Have you tested your tap water alone for nitrate? Just to eliminate that (or confirm it) as a source for nitrates.

Live plants should keep nitrates below 10, even 5 or zero. Provided the tank is not overstocked for the volume and plants. Without live plants, maintaining a balanced tank 9fish ratio to water volume), not overfeeding, weekly water changes and gravel vacuuming will all work to keep nitrates below 20ppm [provided they are not in the tap water].

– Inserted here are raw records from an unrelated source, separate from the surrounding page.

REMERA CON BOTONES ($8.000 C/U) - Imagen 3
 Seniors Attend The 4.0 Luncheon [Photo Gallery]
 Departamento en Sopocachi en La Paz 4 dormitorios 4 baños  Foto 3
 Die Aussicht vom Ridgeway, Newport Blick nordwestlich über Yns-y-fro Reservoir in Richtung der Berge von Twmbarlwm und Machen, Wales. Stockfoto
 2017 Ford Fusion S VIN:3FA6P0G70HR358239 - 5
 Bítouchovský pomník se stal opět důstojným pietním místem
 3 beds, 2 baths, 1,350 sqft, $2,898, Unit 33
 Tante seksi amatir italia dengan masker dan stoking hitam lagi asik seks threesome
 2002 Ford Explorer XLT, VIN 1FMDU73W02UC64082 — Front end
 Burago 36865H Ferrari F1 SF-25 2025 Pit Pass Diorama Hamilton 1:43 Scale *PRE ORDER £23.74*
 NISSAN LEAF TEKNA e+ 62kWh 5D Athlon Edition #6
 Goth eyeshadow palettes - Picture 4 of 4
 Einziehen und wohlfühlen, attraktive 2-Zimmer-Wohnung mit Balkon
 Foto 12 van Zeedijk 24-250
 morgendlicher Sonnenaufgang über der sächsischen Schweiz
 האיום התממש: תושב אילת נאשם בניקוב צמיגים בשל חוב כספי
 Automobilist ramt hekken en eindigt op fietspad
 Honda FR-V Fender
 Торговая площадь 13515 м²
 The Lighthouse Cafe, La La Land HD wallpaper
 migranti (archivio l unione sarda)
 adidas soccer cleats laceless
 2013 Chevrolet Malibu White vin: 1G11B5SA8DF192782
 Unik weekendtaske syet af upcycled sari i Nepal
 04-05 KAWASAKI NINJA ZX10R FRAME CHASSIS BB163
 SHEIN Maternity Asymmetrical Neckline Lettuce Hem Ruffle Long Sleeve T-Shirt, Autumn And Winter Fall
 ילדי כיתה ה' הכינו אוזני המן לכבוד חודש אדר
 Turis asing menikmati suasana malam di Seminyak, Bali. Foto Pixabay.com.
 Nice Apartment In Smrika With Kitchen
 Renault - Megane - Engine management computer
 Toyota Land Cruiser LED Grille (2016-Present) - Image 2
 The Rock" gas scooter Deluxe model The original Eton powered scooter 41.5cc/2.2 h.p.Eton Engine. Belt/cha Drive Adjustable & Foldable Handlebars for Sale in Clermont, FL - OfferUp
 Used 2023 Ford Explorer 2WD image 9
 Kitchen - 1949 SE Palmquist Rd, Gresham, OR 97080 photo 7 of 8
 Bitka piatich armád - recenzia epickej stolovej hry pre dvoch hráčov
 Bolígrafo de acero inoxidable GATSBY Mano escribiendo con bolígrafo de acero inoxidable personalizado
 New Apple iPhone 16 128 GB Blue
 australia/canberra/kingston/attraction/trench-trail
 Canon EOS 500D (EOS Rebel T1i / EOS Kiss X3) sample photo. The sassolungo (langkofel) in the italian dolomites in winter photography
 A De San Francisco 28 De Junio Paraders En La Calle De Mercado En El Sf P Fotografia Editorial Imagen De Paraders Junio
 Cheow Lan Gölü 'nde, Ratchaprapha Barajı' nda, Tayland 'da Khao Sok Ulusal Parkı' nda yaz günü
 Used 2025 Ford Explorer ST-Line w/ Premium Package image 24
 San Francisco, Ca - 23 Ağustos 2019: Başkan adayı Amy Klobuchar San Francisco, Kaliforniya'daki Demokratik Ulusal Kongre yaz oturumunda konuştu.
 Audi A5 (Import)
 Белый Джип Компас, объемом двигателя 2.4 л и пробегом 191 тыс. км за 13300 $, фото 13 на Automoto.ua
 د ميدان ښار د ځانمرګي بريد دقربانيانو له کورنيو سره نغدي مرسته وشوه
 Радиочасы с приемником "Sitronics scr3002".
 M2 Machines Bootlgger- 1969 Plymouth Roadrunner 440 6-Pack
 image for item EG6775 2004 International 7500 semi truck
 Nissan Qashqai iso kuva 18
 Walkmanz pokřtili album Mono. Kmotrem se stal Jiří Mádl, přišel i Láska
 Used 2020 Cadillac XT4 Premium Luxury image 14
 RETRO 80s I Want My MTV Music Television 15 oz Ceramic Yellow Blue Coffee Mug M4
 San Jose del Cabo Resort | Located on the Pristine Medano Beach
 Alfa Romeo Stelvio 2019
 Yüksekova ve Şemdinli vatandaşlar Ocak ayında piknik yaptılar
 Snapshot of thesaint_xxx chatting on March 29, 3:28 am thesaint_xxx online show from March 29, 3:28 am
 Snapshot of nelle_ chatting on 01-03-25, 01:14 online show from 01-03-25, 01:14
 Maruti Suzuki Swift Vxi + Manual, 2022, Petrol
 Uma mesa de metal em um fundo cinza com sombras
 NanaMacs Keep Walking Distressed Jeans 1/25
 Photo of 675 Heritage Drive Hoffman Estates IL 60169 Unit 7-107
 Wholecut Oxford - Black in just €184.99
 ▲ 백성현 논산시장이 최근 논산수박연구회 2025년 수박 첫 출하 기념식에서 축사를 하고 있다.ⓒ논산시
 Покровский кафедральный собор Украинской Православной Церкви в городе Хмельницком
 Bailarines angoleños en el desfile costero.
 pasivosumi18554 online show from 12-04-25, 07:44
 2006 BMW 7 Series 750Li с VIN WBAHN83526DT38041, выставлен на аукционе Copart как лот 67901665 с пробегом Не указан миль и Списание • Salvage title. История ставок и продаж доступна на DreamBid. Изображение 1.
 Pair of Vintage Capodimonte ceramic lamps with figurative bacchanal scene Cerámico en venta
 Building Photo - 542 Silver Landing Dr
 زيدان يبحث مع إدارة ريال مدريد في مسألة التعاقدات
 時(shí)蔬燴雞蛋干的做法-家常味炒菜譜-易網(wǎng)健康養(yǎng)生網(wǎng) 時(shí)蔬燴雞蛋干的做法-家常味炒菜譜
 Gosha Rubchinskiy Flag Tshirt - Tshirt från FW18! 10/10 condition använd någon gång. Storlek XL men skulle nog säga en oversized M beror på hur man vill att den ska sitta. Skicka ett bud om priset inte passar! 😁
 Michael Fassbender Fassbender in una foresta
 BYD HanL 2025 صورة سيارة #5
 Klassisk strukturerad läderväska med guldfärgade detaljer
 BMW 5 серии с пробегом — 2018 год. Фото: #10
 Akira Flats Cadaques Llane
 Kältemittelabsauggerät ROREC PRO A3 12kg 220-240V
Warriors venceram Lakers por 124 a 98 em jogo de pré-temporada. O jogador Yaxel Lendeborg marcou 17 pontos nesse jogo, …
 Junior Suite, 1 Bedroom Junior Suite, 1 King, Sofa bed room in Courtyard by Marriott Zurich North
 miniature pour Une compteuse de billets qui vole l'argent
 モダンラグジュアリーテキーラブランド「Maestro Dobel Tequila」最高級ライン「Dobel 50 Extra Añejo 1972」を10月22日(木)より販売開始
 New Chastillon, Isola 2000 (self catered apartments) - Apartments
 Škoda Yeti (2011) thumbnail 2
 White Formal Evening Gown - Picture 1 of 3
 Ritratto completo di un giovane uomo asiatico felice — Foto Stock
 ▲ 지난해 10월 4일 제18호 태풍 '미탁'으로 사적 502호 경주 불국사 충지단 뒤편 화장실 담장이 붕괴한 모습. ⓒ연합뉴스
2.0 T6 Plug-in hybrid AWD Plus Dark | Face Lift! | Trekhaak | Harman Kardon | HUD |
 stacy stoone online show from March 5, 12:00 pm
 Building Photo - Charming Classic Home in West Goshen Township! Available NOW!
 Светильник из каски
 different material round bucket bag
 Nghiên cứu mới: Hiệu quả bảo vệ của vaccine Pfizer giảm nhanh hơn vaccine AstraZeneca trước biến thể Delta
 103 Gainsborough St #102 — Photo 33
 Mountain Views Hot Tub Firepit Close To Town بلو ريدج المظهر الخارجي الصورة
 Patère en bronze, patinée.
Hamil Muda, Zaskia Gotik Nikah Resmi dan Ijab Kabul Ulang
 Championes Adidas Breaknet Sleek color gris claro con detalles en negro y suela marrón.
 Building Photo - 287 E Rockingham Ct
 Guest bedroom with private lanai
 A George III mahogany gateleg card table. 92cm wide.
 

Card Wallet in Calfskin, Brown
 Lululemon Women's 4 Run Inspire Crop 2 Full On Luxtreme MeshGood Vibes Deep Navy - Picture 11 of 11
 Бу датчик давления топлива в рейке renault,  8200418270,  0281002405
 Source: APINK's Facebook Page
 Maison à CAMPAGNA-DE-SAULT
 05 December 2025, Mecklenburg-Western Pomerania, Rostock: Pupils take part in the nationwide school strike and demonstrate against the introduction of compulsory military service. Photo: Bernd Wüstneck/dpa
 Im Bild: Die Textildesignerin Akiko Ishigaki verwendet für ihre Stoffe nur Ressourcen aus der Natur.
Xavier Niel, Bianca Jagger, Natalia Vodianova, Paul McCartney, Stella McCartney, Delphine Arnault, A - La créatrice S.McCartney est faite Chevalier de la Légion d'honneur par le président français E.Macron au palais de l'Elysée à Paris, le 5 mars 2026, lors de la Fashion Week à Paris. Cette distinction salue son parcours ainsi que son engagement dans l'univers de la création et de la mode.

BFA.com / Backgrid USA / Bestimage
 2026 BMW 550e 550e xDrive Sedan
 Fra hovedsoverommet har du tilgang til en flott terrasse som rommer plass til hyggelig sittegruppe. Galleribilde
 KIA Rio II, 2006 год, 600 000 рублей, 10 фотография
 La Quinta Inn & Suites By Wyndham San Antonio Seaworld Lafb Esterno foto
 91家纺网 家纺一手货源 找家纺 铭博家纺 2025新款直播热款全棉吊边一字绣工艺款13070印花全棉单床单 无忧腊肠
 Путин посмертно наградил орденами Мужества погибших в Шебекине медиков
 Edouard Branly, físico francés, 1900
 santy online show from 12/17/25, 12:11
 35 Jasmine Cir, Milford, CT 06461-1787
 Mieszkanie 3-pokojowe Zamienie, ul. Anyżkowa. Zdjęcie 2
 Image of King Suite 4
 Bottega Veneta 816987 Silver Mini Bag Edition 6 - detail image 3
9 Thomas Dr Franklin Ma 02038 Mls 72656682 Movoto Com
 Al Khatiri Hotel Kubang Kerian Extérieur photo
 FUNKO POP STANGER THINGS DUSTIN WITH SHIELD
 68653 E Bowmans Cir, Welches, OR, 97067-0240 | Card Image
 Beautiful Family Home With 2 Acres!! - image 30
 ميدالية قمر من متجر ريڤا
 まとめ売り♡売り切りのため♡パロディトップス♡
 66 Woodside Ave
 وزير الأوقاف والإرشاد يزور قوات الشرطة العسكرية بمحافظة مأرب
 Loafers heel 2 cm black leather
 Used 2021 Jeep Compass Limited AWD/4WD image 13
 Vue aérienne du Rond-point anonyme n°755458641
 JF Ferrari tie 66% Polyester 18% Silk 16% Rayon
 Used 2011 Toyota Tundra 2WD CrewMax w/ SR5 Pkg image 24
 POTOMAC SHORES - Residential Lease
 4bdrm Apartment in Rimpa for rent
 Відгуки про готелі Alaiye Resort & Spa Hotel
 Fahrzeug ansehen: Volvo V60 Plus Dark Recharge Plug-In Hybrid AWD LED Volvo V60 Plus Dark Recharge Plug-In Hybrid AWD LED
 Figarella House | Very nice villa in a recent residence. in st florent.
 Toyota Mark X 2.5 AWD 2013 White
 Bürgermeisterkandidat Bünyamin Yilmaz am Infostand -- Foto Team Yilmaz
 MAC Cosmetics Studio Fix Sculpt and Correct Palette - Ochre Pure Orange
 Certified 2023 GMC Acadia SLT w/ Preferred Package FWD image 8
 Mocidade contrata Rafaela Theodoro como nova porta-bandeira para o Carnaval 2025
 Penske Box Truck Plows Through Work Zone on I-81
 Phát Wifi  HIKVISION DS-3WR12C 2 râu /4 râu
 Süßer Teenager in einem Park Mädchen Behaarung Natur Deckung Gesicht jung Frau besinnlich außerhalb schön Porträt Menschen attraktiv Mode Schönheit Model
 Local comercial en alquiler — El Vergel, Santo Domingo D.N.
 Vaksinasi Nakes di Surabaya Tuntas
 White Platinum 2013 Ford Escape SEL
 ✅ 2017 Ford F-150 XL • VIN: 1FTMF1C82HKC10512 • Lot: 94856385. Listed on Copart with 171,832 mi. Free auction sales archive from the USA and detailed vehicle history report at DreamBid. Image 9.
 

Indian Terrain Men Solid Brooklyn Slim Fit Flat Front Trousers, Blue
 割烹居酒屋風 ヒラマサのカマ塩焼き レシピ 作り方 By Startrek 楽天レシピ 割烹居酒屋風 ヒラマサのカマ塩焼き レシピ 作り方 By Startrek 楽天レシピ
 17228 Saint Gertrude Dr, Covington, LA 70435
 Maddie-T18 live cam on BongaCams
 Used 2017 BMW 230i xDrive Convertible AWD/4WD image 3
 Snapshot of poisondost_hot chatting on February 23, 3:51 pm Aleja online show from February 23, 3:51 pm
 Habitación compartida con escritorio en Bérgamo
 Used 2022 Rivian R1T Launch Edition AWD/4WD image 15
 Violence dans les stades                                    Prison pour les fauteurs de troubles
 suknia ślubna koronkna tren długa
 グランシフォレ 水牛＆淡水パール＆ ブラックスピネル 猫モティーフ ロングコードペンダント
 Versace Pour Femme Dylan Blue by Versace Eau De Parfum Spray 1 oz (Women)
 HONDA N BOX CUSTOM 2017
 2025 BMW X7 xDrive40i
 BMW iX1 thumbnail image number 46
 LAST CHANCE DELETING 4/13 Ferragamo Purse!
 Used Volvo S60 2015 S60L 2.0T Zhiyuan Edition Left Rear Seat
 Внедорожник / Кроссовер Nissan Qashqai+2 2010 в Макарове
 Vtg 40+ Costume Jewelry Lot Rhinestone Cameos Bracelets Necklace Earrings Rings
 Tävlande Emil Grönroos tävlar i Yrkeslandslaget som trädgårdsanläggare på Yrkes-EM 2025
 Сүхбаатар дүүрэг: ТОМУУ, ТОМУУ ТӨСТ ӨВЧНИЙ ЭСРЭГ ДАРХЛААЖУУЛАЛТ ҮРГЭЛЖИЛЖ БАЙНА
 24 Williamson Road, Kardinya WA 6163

On the plants, yes, floating plants are ideal; they are fast growing, obtain CO2 from the air, are close to the light--all meaning they should manage even if lower plants cannot. And they will keep nitrates low by assimilating ammonium (from ammonia).

Byron.


----------



## KendraMc

i buy bottled drinking water, and i've tested it for nitrates. it comes out 0. i don't have many plants, i'm down to a few jave ferns and a few wisteria, but like i said i should be getting some water sprite soon. i don't think i'm overstocked, so i'm starting to think that the biggest problem is reading the colors on the chart. i'm thinking about finding a nitrate test kit that uses something different and thus has a different chart that i might be able to read better.


----------



## KendraMc

also, could dead plants/leaves add to nitrates? i keep removing them, but like i said, my plants aren't doing too well.


----------



## ladayen

Do you mix your bottled water with tap water? Bottled water often has little to no mineral content and this would explain why your plants aren't doing well.


----------



## KendraMc

ladayen said:


> Do you mix your bottled water with tap water? Bottled water often has little to no mineral content and this would explain why your plants aren't doing well.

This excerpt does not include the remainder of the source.